[Captioned web images]
::::::::::

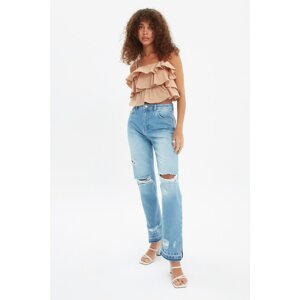 Trendyol Blue Ripped Detailed Slit High Waist Bootcut Jeans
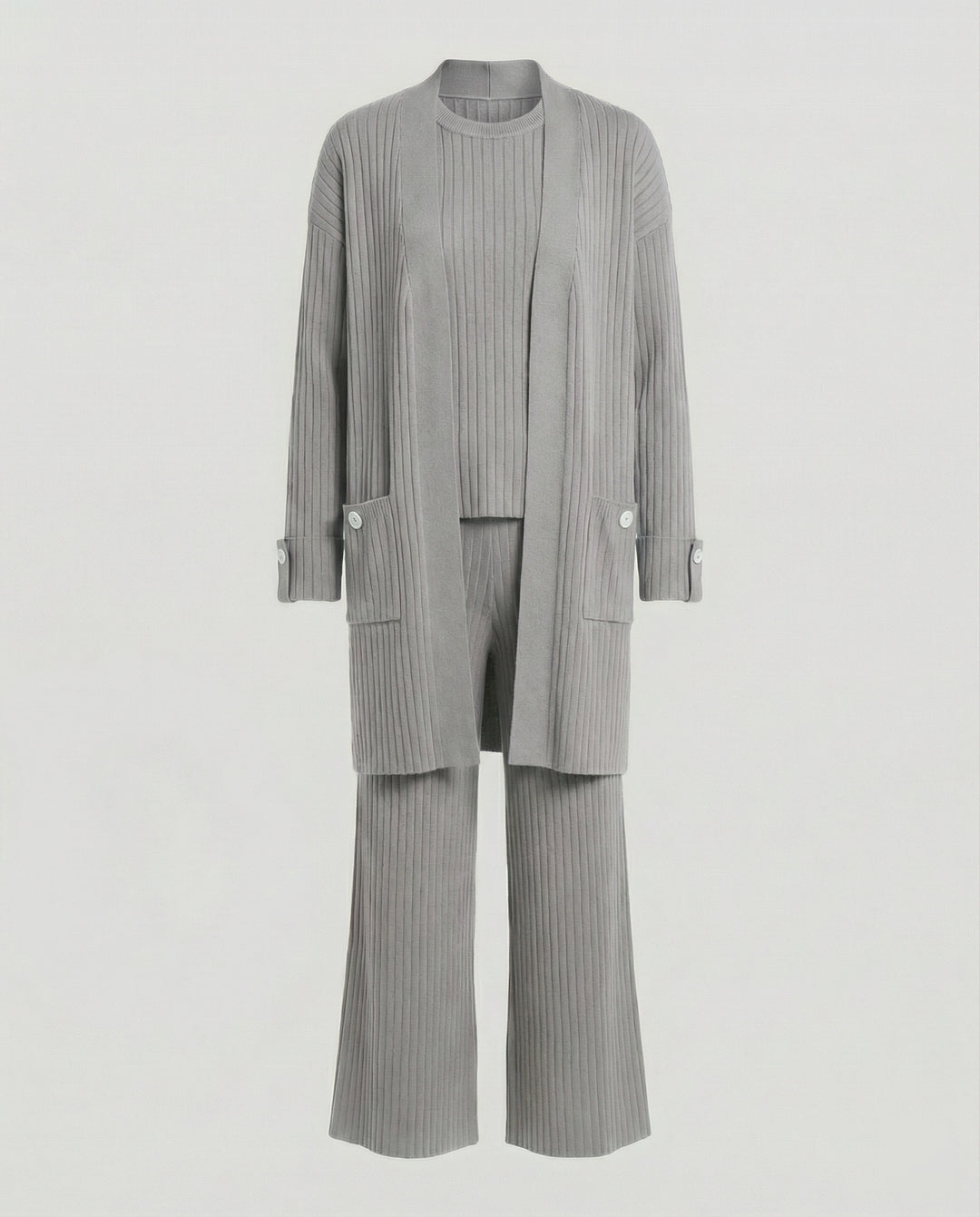 Damen Strick-Loungewear Set mit langen Ärmeln und praktischen Taschen R&B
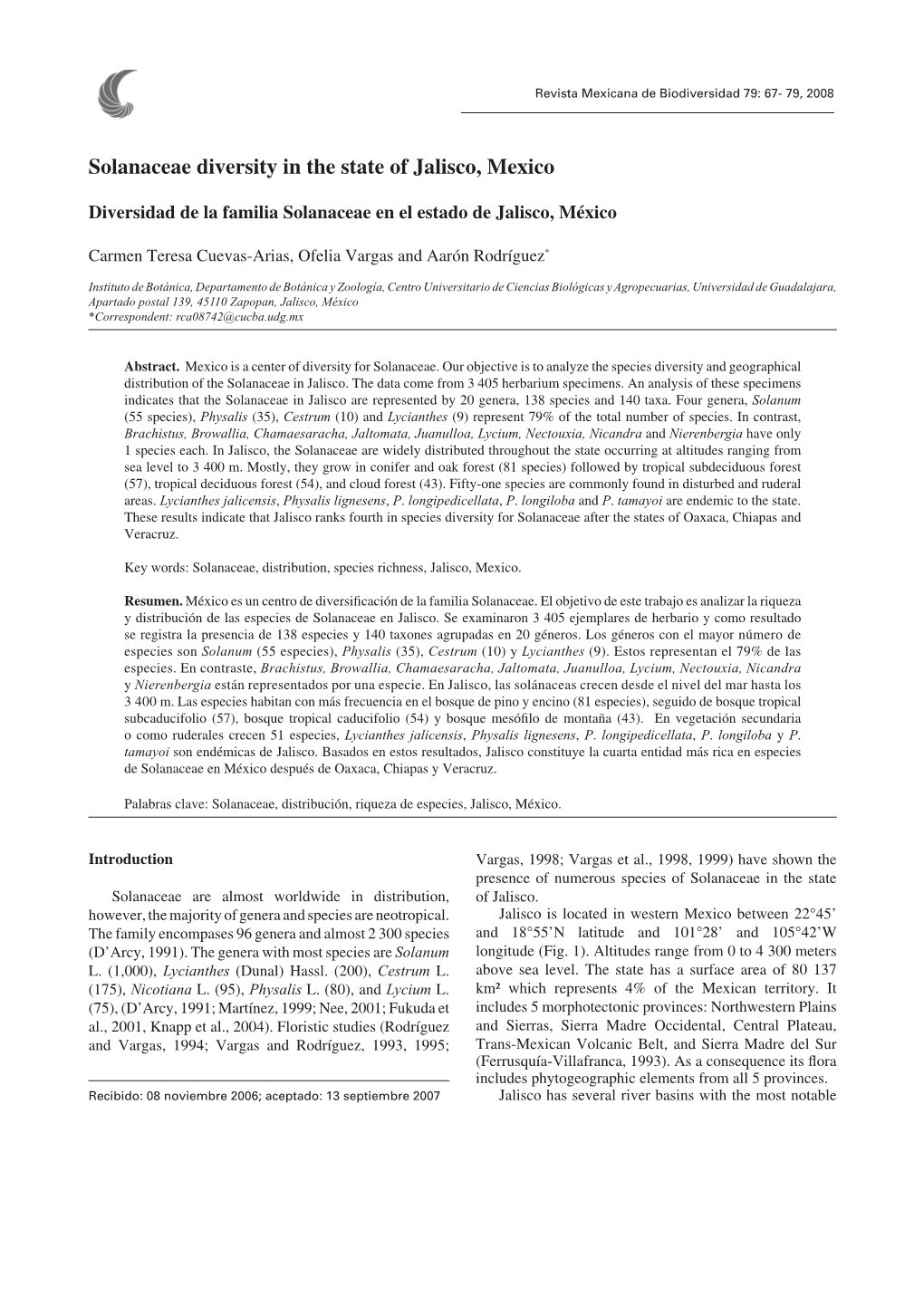 Solanaceae Diversity in the State of Jalisco, Mexico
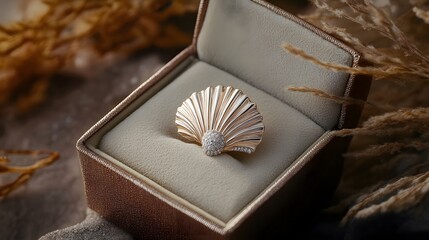 Elegant Gold Ring with Shell Design and Sparkling Diamond Accent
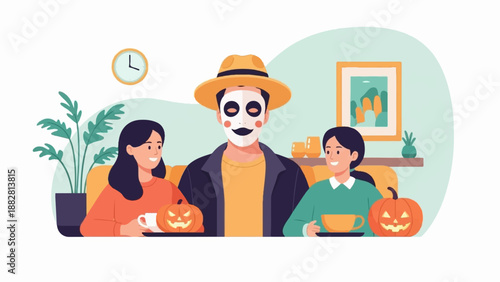 Family celebrating Halloween, enjoying drinks and pumpkins at home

::::::::::

Nothing but the lines from the one containing "Solanaceae Diversity in" through the last line of the records should appear in the copy, exactly as written and without pictures.

▸ Response to the task:
 Solanaceae Diversity in the State of Jalisco, Mexico
 Elegant Gold Ring with Shell Design and Sparkling Diamond Accent
 Family celebrating Halloween, enjoying drinks and pumpkins at home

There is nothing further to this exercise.